The m10 doesn’t have a viewfinder built in so images and videos must be composed on the 3-inch 1,040,000-dot touchscreen. It comes with a kit lens, the EF-M 15-45mm f/3.5-6.3 IS STM. This is a collapsible lens which means it takes up less space and is easier to transport. It’s also an STM optic, which is good news for anyone interested in using the M10’s Full HD recording capability as it makes for smoother, quieter focusing. Overall, pick up this camera if you’re new to vlogging and in unsing more advanced camera than the one on your smartphone.

Camera for 4K Videos

Sony is at it again: a high-quality performing mirrorless camera that is sought after by almost everyone, even the pros. The Sony Alpha a7s is a full-frame camera that is powered by a 12-megapixel sensor designed to enhance video recording and low-light performance. But what is really worth mentioning is its mind-boggling low light performance of the A7s puts it in a class by itself. To have these features in a compact mirrorless camera is mind-blowing on its own.

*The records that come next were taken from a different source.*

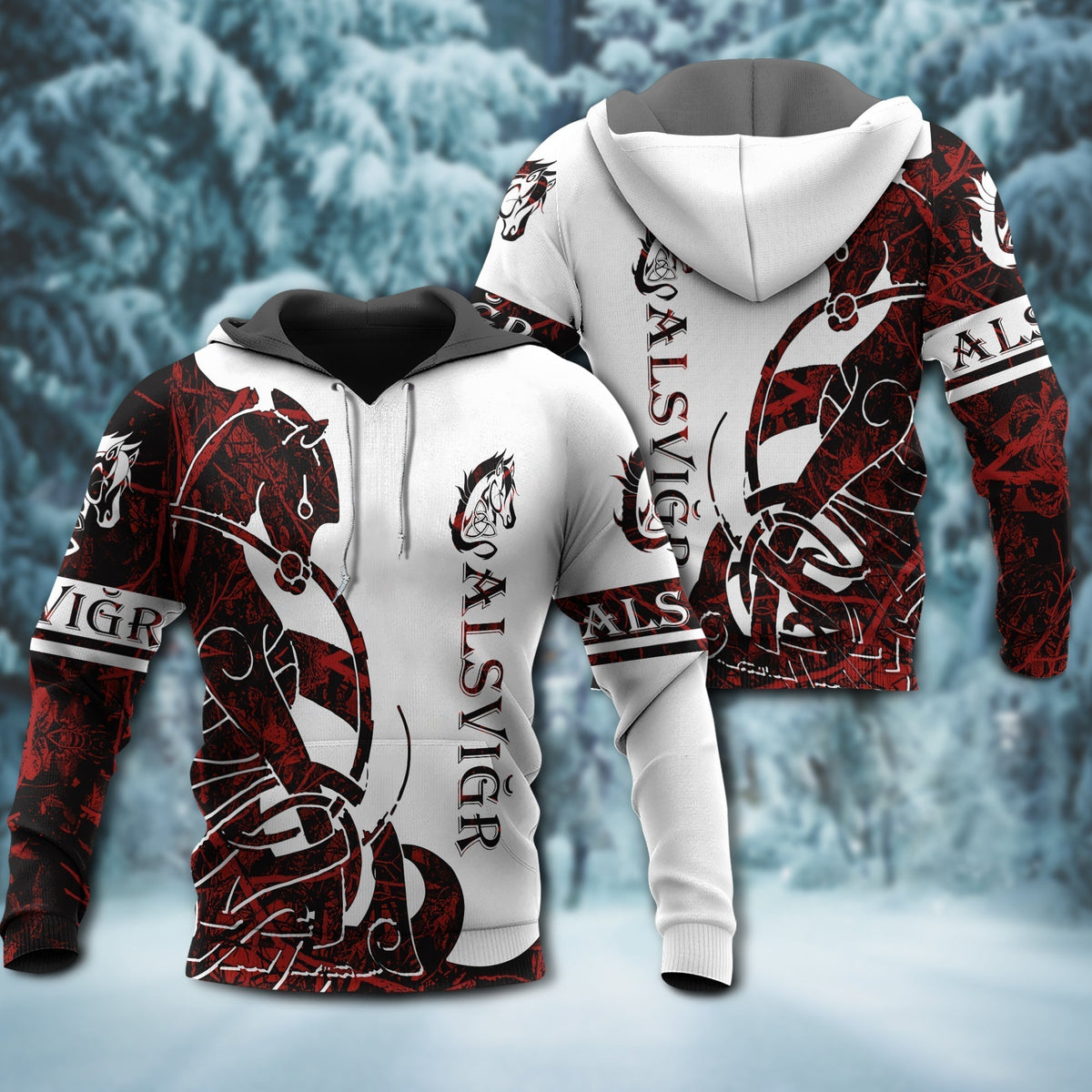 Red White Viking Alsvidr Legend Hoodie For Mythic Casual Outfits Weekend Adventures And Thoughtful Gifting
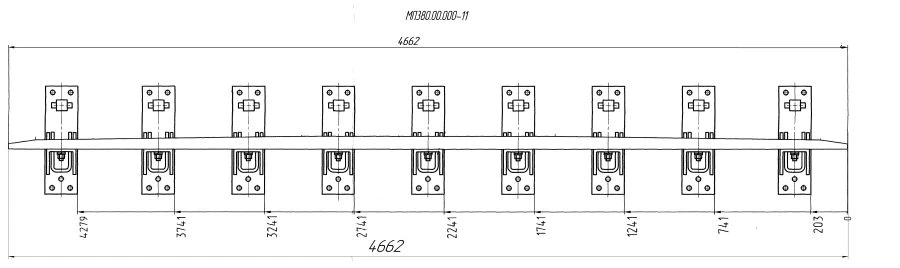 Counter rail from profile SP850 with complete set of pads with stop and fastenings for SP t. R65 m 1/11 pr. 2764 (MP 380.00.000-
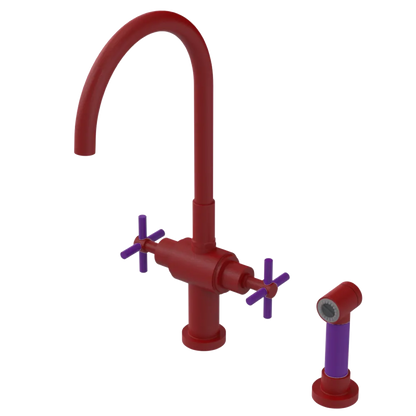 Rubinet Two Handle Single Hole Kitchen Set with LaSalle Spout with Hand Spray Maroon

Let’s not underestimate the importance of low light capability. It’s one of the most useful qualities of a camera to many videographers.  It provides flexibility, and allows you to shoot in places you may not have been able to with a lesser piece of equipment. Out of the box, you can record video at 1080p in 24, 30, or 60 fps, with 120 fps topping out at 720p. It’s a bit pricey, though, but if you have the budget to get it, by all means get it.

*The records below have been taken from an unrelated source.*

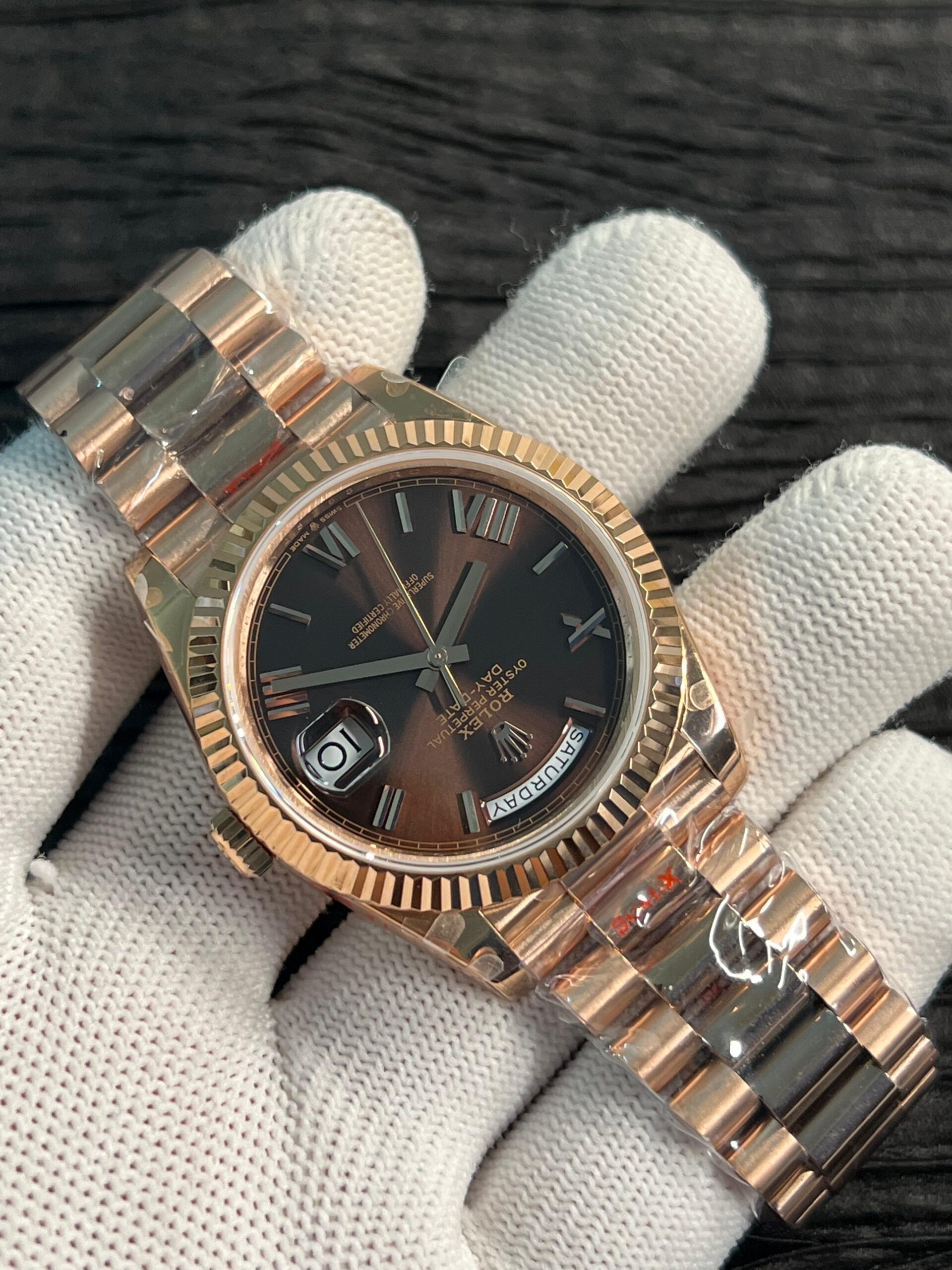 Day Date 228238 40mm 904L RG QF Gain Weight Brown Dial Roman Markers on YG President Bracelet A2836 - Image 4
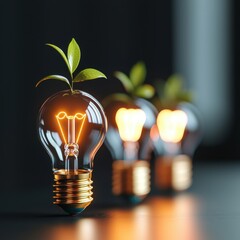 A glowing light bulb with a sprouting plant symbolizes innovation and eco-friendly ideas in modern design.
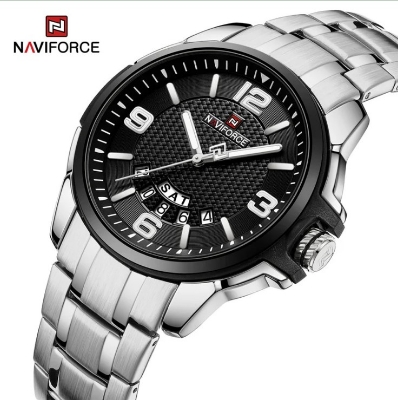 Picture of Naviforce NF9215S Stainless Steel Analog Calender Watch For Men’s -Silver & Black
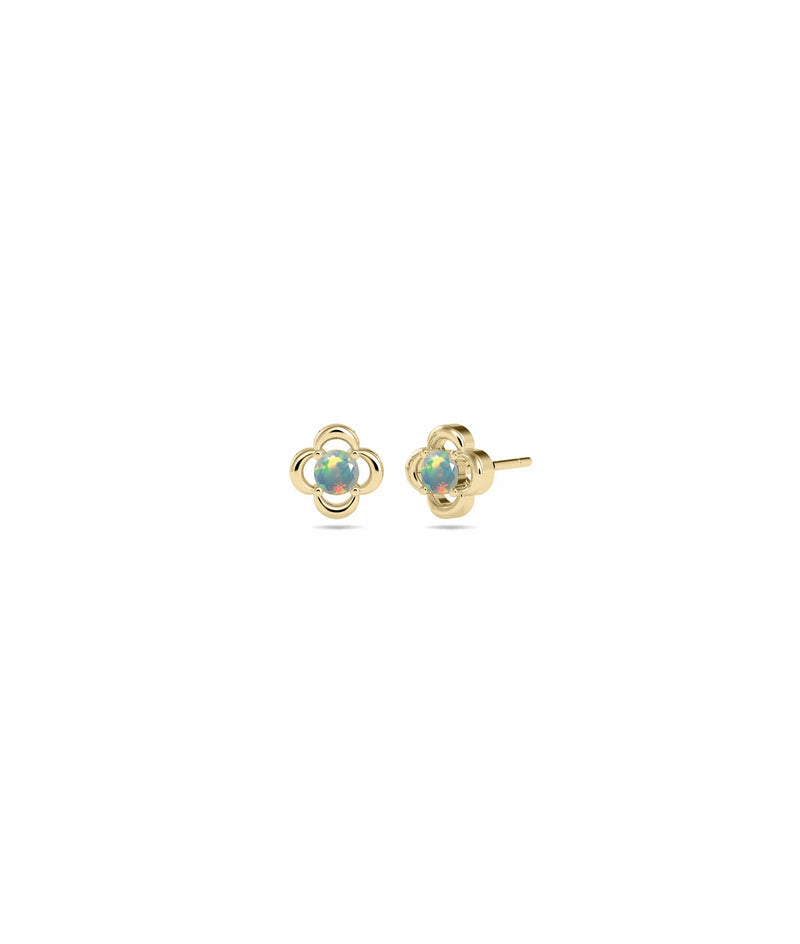 Birthstone Clover Stud Earring - 79e | Everyday 14K Gold Jewelry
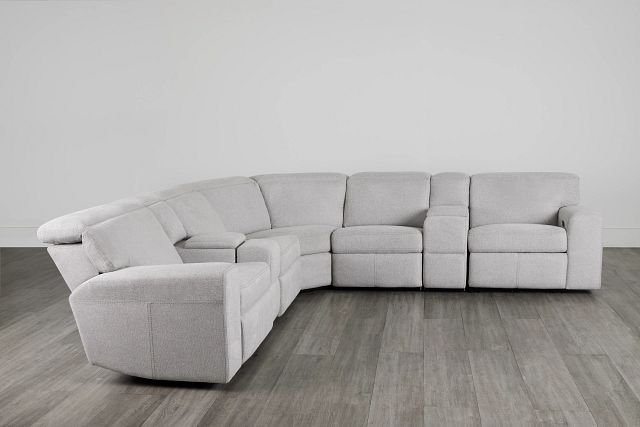 Callum Light Gray Fabric Large Dual Power Reclining Two-arm Sectional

Premium Mirrorless Camera for Vlogging

The Panasonic Lumix GH4 is ahead of the curve, and it’s way, way up there in terms of video shooting. In fact, when it was first released up to now, it has set the bar quite high. It has the ability to record True 4K (4096×2160) 24p cinematic video. Being able to take vivid still images as well as dazzling 4K video offers a valuable hybrid shooting option for those who do not only take photos but record videos as well, especially for Youtubers. The camera is powered by a 4/3 inch Live MOS Sensor and the Venus Engine IX, which together capture a very sharp picture that handles color grading well. There is also a Micro Four Thirds mount at your disposal to attach lenses that further refine your shots.  Moreover, the battery life is impressive, which is very unlikely for a DSLR camera built primarily for great video recording.

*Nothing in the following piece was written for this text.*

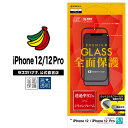 iPhone12 12 Pro フィルム 全面保護 ガラスフィルム 高光沢 ふっくら シリコンフレーム 受話口保護 ブラック FSG2596IP061 ラスタバナナ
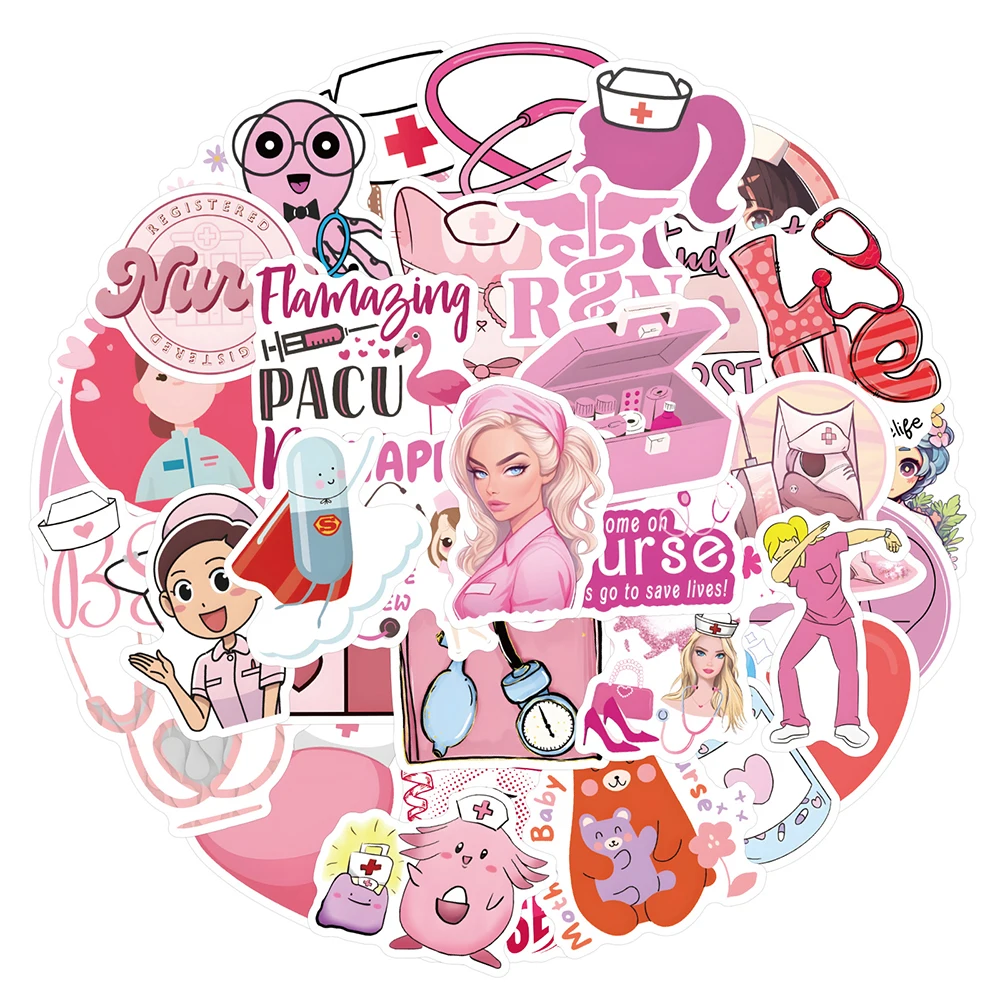10/30/50/110 Stück Kawaii Rosa Krankenschwester Cartoon Aufkleber Niedliche Graffiti Aufkleber für Mädchen Spielzeug Telefon Wasserflasche Ästhetische Aufkleber Dekor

The body itself is built with sturdy magnesium alloy, and shows many ergonomic improvements from its predecessor, the GH3. It is weather-sealed against water and dust and has high-speed dual OLED displays. In terms of ports, you have one headphone and microphone jack, MicroHDMI out, AV outputs, a flash sync terminal, and a 2.5mm jack for a remote control. The microphone jack supports XLR input for full level adjustment and monitoring, sealing the deal on this great video camera.

Camera Under $1000

The Panasonic LUMIX DMC-G7 sits beneath the Panasonic GH4 in the company’s line-up of mirrorless digital cameras. It features a 16-megapixel sensor coupled with the Venus Engine 9 processing engine. This combination produces the best image quality of any Panasonic camera. It also enables a native sensitivity range of ISO 200-25,600, with a low expansion setting of ISO 100. Additionally, the processor has a quad-core CPU for faster processing, enabling full-resolution continuous shooting at an impressive 8 frames per second in Single-AF mode or 6fps in Continuous AF mode.

In addition to shooting photos, the G7 is regarded as one of the best when it comes to shooting videos. It can record 4K MP4 movies at 100mb/s at up to 30fps in NTSC or 25fps in PAL. Full HD footage can be recorded in MP4 or AVCHD format at a range of frames rates. This makes it an ideal camera for those who also do vlogging on Youtube. A vari-angle touchscreen and Wi-Fi connectivity are yet another nice additions. Overall, this is a reasonably priced camera that offers a lot of useful features.